SINHAGAD FORT: Set off early morning to Sinhagad, the Lion Fort, at an altitude of over 4300 ft about 25 km from Pune, to soak in a very special chapter of the state’s history and place in the heart of Puneites. Walk up rugged steps that wind past two gateways and marvel at the fort’s architecture, history and commanding view. In 1670, Shivaji’s commander Tanaji Malusare led a daring attack on Sinhagad to recapture it from its Bijapur commanders. Although successful in this mission, Malusare was slain in the attack and a saddened shivaji is said to have remarked, “we gained the fort, but lost the lion”.
RAJA DINKAR KELKAR MUSEUM: Minutes away from the thrift-shopper’s haven that is Tulsi baug is Kelkar Museum. Step in through solid wooden doors to see hundreds of treasures housed within an old-world wada (a traditional Maharashtrian home with a central courtyard). It was here that Padmashree Dr D G Kelkar (1896-1990) lived and passionately created a museum over a period of 60 years.
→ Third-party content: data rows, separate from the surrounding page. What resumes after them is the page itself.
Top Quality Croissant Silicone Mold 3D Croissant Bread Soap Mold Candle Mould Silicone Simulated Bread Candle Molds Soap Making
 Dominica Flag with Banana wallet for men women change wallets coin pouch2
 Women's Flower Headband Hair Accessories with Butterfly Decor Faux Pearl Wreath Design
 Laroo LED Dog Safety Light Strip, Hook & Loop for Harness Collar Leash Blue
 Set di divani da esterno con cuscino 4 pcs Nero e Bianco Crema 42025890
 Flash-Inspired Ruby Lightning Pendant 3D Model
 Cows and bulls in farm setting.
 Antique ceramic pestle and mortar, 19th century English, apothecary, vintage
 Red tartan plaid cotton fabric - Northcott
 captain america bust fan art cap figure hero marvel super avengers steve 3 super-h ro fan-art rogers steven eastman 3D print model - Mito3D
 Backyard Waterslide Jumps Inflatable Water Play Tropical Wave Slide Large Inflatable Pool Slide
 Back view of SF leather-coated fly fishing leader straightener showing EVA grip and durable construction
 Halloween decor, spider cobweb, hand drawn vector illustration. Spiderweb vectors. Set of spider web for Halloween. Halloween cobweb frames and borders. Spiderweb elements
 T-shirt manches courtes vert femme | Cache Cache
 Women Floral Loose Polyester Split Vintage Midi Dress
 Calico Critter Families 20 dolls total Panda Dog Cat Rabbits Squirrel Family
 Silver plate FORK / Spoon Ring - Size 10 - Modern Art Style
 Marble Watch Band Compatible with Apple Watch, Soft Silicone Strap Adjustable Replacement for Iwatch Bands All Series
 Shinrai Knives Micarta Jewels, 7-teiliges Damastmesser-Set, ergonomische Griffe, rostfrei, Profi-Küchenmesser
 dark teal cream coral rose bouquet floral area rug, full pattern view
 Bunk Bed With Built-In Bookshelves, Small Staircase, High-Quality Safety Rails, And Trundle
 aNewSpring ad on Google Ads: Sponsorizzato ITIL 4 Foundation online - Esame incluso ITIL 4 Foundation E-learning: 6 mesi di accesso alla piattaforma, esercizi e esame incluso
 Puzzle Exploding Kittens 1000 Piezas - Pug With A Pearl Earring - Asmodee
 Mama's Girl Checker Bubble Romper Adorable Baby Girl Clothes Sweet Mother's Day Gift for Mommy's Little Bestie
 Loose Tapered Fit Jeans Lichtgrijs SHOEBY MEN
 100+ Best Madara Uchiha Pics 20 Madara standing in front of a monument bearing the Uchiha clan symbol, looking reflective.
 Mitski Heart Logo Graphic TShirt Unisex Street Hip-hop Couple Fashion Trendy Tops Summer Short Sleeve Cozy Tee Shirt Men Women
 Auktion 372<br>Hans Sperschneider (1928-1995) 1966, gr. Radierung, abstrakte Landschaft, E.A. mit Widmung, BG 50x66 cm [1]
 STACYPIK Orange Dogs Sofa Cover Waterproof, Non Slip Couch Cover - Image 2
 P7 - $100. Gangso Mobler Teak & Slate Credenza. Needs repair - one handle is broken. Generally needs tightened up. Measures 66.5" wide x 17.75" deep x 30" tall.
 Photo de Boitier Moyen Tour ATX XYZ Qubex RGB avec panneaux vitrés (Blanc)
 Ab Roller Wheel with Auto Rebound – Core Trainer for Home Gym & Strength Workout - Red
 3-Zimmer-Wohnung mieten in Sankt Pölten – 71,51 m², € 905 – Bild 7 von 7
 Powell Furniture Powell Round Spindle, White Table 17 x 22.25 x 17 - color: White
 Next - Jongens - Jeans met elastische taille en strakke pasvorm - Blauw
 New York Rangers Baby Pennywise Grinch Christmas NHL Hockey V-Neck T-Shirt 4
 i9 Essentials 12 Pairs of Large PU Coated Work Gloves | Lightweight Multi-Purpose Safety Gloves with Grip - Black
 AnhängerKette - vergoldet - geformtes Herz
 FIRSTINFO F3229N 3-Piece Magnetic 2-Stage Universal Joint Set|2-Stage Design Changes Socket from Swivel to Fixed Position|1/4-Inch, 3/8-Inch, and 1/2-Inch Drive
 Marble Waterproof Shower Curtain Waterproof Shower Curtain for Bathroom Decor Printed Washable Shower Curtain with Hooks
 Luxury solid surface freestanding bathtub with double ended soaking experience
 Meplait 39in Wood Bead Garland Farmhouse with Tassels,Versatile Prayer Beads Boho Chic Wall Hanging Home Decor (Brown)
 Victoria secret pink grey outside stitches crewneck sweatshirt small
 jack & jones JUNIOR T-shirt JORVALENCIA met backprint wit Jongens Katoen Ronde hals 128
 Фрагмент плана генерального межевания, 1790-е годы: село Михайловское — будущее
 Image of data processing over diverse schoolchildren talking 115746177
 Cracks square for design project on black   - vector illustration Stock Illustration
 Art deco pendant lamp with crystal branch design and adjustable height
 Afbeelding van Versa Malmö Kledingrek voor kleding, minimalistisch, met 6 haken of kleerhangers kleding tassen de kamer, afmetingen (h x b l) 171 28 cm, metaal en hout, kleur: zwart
Rooms exhibiting 21000 priceless artefacts, exquisitely crafted objects in stone, wood, metal, ivory, fabric and clay are arranged thematically and take one back to another era. Of particular interest is ‘Mastani Mahal’ – the well-preserved quarters of Mastani, the famous second wife of Peshwa Bajirao 1.
PARVATI HILL: A complex of five heritage temples, including the main Devdeveshwar Temple built in the mid-18th century by the Peshwa rulers, Parvati Hill is one of the most revered spots in the city. The hilltop s frequented by devotees, history buffs (who take pride in springing up the gentle 103 steps to the top) and those looking for a quiet moment as they take in a panoramic view of Pune.
SHANIWAR WADA: One of the most important remnants of the Maratha Empire is the palace-fort Shaniwar Wada. Although the fort’s glory and opulence was ravaged in an inferno in 1828, it still holds vestiges of the might and power of the Marathas. The fort’s giant, spiked entrance doors, the drum-house, fountains, lawns and other structures hint at its original grandeur. Also in the vicinity is the reconstructed Lal Mahal – originally built in 1630 – that Shivaji spent his early years and later had the famous encounter with Mughal general Shaista Khan.
M G ROAD: Pune’s Main Street is a long straight street lined with buildings which have shops below and residences above. Towards the end of the 19th century, the area was allotted by the British for shops that would cater to their needs. As the precinct evolved, it embraced a mix of architectural styles, shopping and eating places. Stroll by taking in its buzz and atmosphere; enjoy a bite at Marz-o-rin’s balcony; buy chips and chivada at Budhani and of course, try Shrewsbury biscuits at Kayani Bakery on Eat Street.
TRIBAL CULTURAL MUSEUM: Besides upscale restaurants, boutiques, parks and expensive real estate, Koregaon Park also boasts of the only tribal museum in Maharashtra. The museum offers a fascinating glimpse into the lives of over forty tribal communities that live in the state. On display are photos that convey first-hand the rhythm of the lives of tribal communities and artifacts, including fascinating Warli paintings, masks, wooden objects, musical instruments, ornaments, utensils and more, that tell of their ancient customs, beliefs and oral traditions. Craft demonstrations, held time and again at the complex, add to the museum experience.
Getting there: Jet Airways offers flights to Pune from several Indian cities.
Accommodation: Pune city offers a variety of accommodation options, from chain hotels to guest houses and service apartments.